Congrats, you're gonna love it! Make sure to post some pics when it arrives


----------



## tatt169

Good lad!  you will be glad in the long run.


----------



## little big feather

Congrats......Either way, you could not go wrong....A true win...win!


----------



## samanator

Coin toss for me. One thing that may help you decide is availability. See what they actually have since these were in and out of stock many times last year.


----------



## williamtv

AlBundy said:


> This wasn't easy... I just went ahead and ordered the blue one...


Sick man..... Your going to love thay blue dial!


----------



## AlBundy

Watch arrived! Loving it... Even at 41 mm it feels a bit small because I am used to wearing a 45.5 mm watch, but this is going to be the daily beater from this day. Just need to buy a half link for the bracelet to fit properly.


----------



## tatt169

Well smart! I considered getting a blue quartz 41mm to gobwith my black auto 39mm as an everyday watch but they are difficult to find. Congrats, you made the right choice


----------



## RedBarchettayyz

Awesome great choice! With regards to the half link, I believe I read that to get a half link on the Hydroconquest you need to order the half link from the Conquest model, which has the same bracelet. Contact Longines to be sure, of course.


----------



## Ray_rjg

you know what , when i went to buy the hydroconquest , i didnt know there were 2 variants. i saw only the blue and i told the shopkeeper , lemme think over nite about it.
And the next day morning i went to another showroom and brought the black outright.

Later when I came home i knew something was wrong...googled for a while and realised that they have the black n blue variants and many had preferred the blue...i was heart broken...

but hey... now im in love with my black... and i realise that i would have regretted if i had taken the blue cos , this black goes with all my clothes...and just love the way it shines in the night and the shine bounces off the black when I stand in my elavator


----------



## *El Ocho 1*

My blue Hydro Conquest may be my favorite watch in my collection.


----------



## little big feather

You know...I'm a man who will admit to my mistakes....And I have made many....Not getting one of these, I'm afraid, is on my list
of mistakes I have made. This is a BEAUTIFUL watch!


----------



## snowman40

Gotta be Blue 









M


----------



## t0hillya

I am excited to see the white dial Longines introduced at Basel. Will be interested to compare it to the blue and black.


----------



## Scotsmen

Blue - mine days hi and congrats


----------



## carlt69

Has to be Blue and I think I'm right in saying that Longines don't make the 41mm auto in blue anymore :-O


----------



## mrk

Blue. It looks black indoors anyway


----------



## ChristopheVL

Very nice watch! Blue was definitely the right choice! Congrats


----------



## mrk

I have ordered a dark blue Hirsche Osiris leather strap for mine to try something different from time to time. Should be here tomorrow.

Looking forward to that!


----------



## Frunkinator

I've only seen the Chrono version in person. It's bezel color was a faded looking, lighter color blue then the sunburst royal dial. But the photos above appear to have the same rich vibrant blue in both the bezel and dial??! Did Longines change from powder blue bezels to ones that match?


----------



## Tag Mac

I would love to know this as well as you have to buy these blind now unless you want a 2013 model...which I dont.


----------



## mrk

My blue is dark on the bezel, doesn't look off from the dial.


----------



## Tag Mac

Hmm, I wonder why there is a difference then. Quite clearly photos show a difference and people have commented on this before. I wonder if it is just an inconsistency on the QC production line or if they actually changed it.

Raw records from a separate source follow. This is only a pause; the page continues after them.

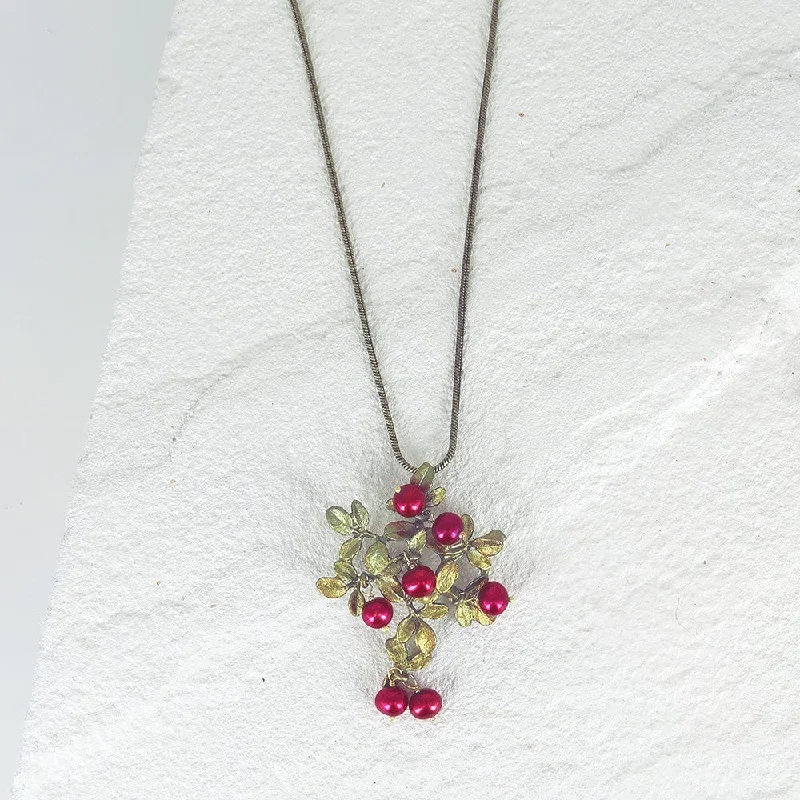 Cranberry Pendant on Chain Necklace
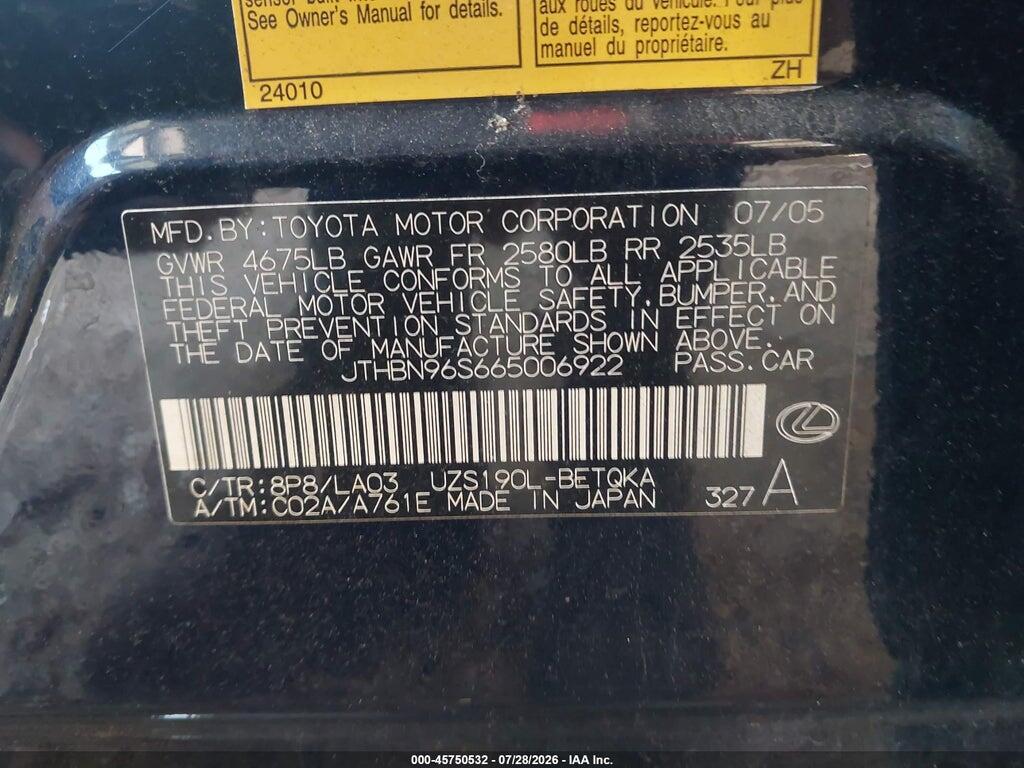 JTHBN96S665006922 2006 LEXUS GS 430 photo no. 9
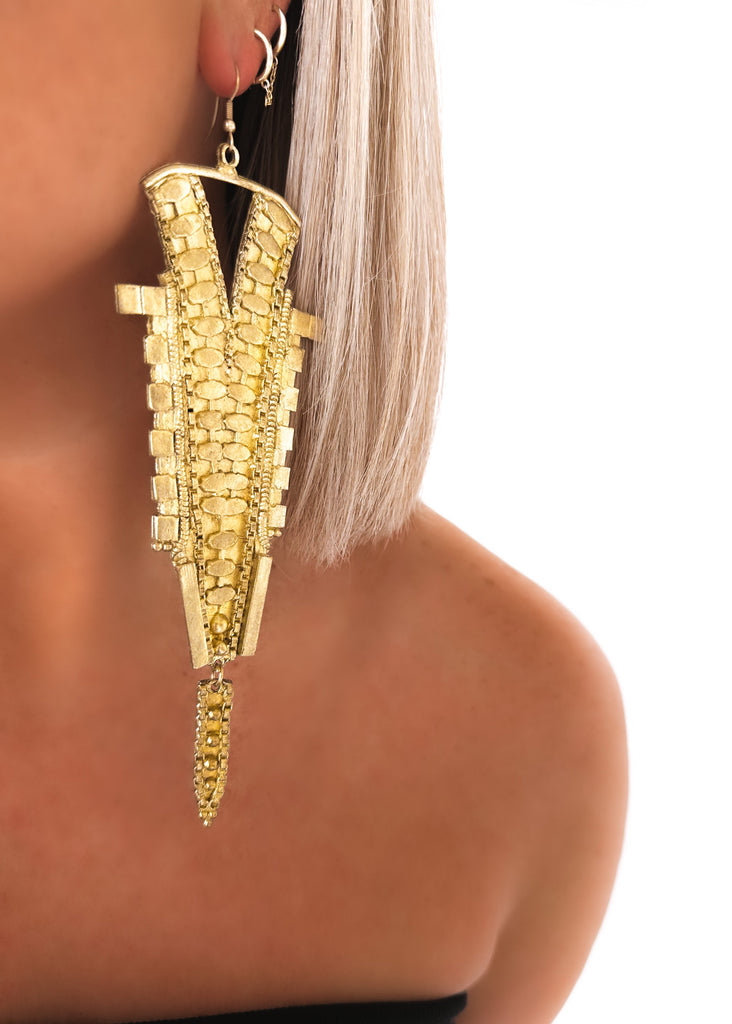 pebby forevee Earring Gold VIPER DROP STATEMENT EARRINGS
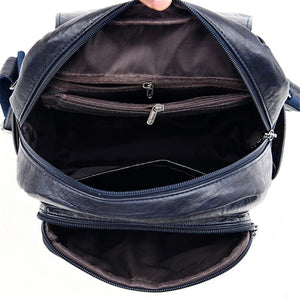 Genuine Women Leather Backpack Fashion Female Shoulder Bag Sac a Dos Ladies Bagpack Mochilas School Bags For Teenage Girls 2024 MU Group
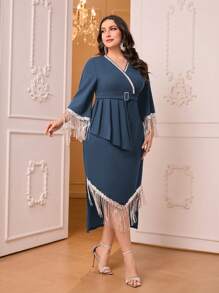 Mulvari Plus Fringe Trim Belted Dress - Dusty Blue - View 1
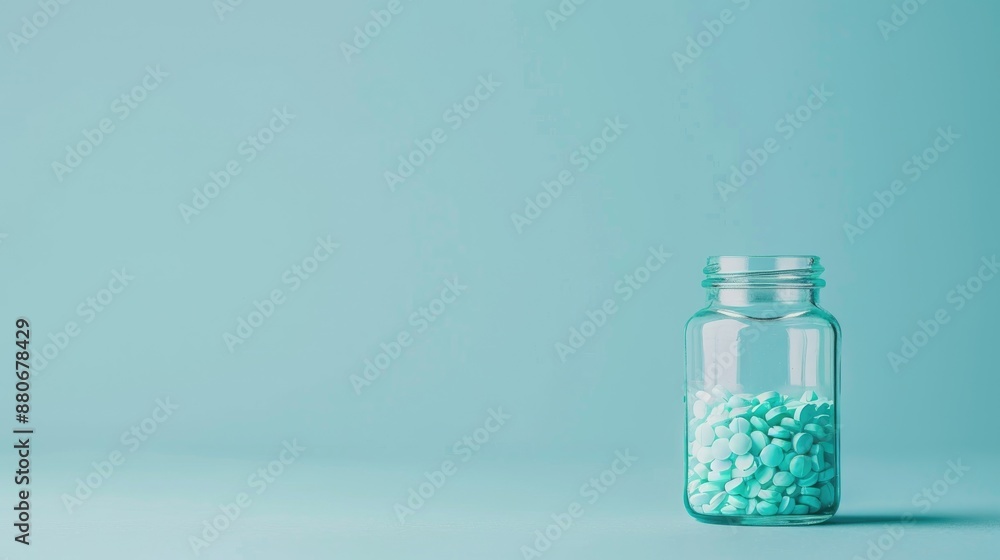 Antidepressant pills in a glass bottle on blue background Medication for mental health Concept of healing with medication Antidepressant pills in a glass bottle on blue background Medication for mental health Concept of healing with medication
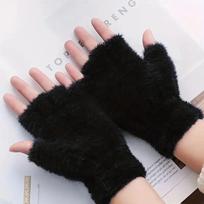 Half Finger Plush Gloves Solid Color Fingerless Touch Screen Writing Gloves Winter Driving Outdoor Sport Gloves One size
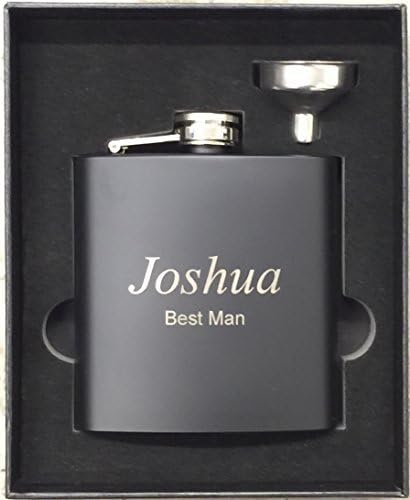Engraved 6oz Stainless Steel Hip Flask Matte Black Funnel Gift Box Personalized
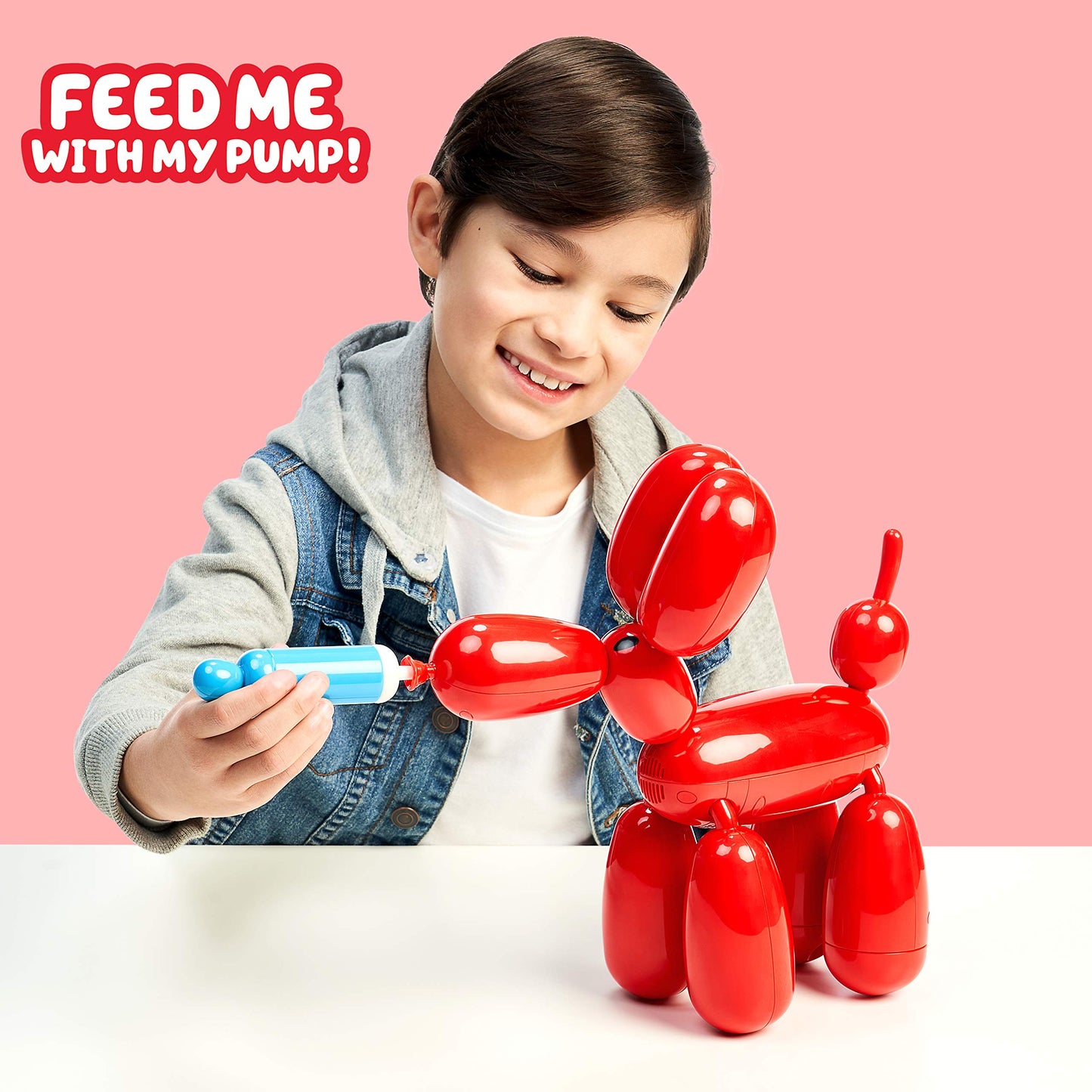Squeakee The Balloon Dog - Feed Him, Teach Him Tricks, Pop Him, and Watch Him Deflate! , Red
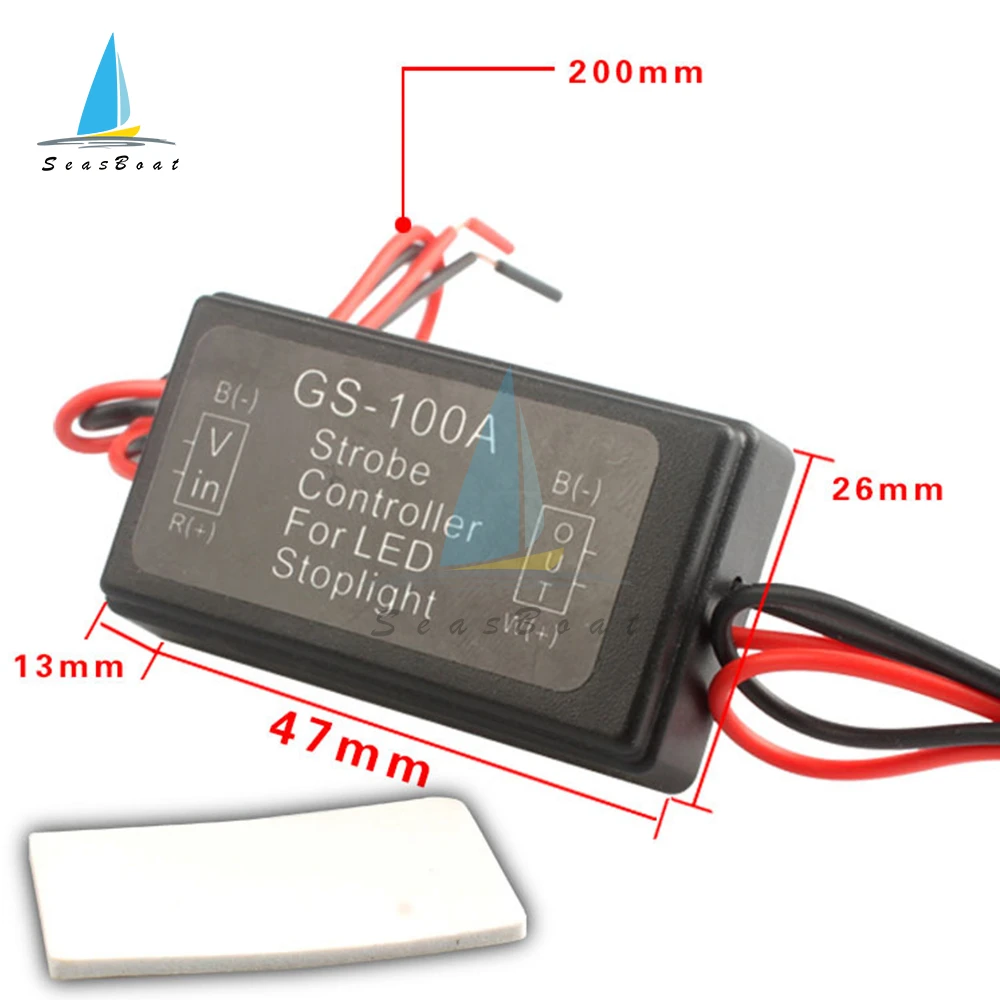 GS-100A Flash Strobe Contrmatérielle Frein Lumière Clignotant Tech Pour Voiture LED enquêter Stop Lampe 12V - imagen 3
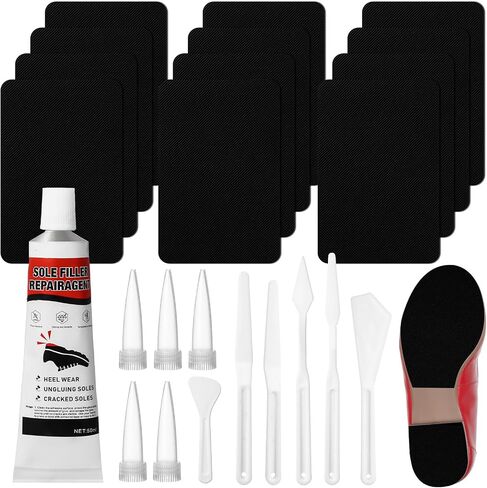 12 Pcs Black Shoe Sole Protectors with 50 ml Repair Adhesive Shoe Glue 2 Set Spreader Tools, Shoe Bottom Grip Pads Non Slip Shoe Pads for High Heels Leather Shoes in Saudi Arabia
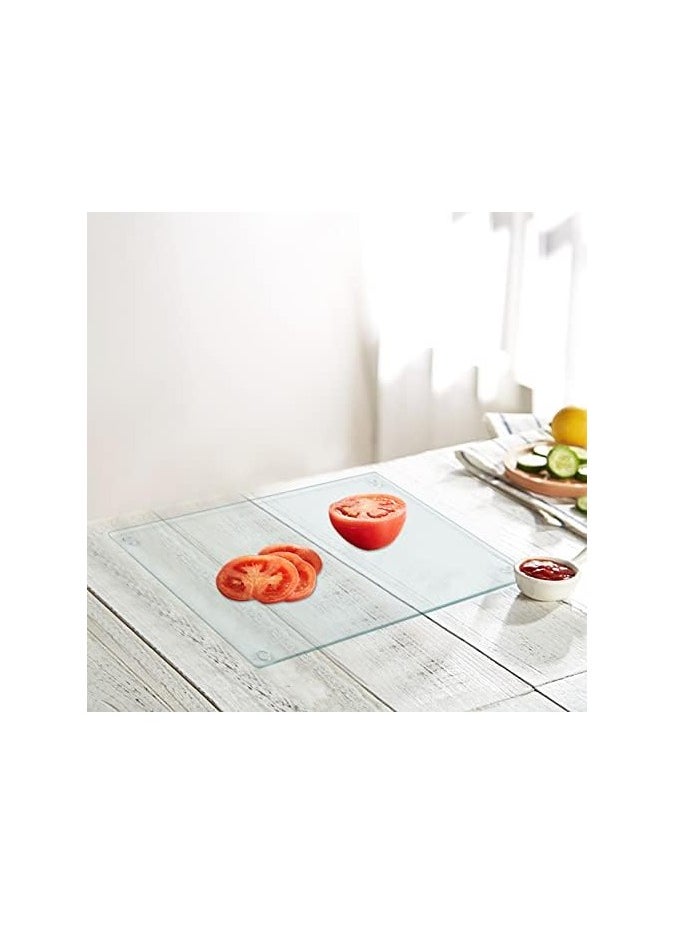 SS SS Tech 4 Pack Tempered Glass Cutting Board with Rubber Feet, Rectangle Non-slip Chopping Board, Long Lasting Clear Glass Tray for Kitchen Countertop, Table, Shatter-Resistant, Heat-Resistant, 2 Size  - Image 4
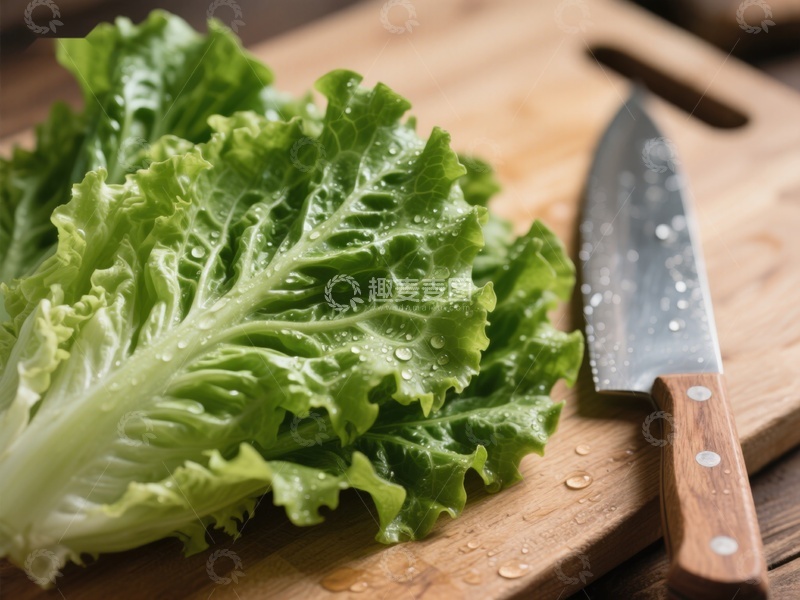 高清大图下载【趣麦麦图】新鲜生菜与木柄刀置于砧板上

Do you have a picture and know whether it was an earlier or later model?


----------



## mrk

Maybe it was an earlier model thing, mine was bought last year from a jeweller of course.


----------



## Frunkinator

Well I just pulled the trigger on a blue one from my local AD. Should have it next week, will report back  ⌚


----------



## Frunkinator

Well, its a dark blue bezel that matches the dial beautifully. It's ever so slightly lighter in color. But nothing like what I have seen on some older models with a powder blue bezel The blue works so much better then the black on this piece, just love it! The blue seems to soften the busyness of the dial and markers.


----------



## RobPagNY

Silver !!!!!!!!!


----------



## ddscot

WatchMeWin said:


> Silver !!!!!!!!!


Went in with my heart saying blue but changed my mind, don't think I regret it, could of almost flipped a coin in the end but I stand by it, first decent watch purchase and loving it so far.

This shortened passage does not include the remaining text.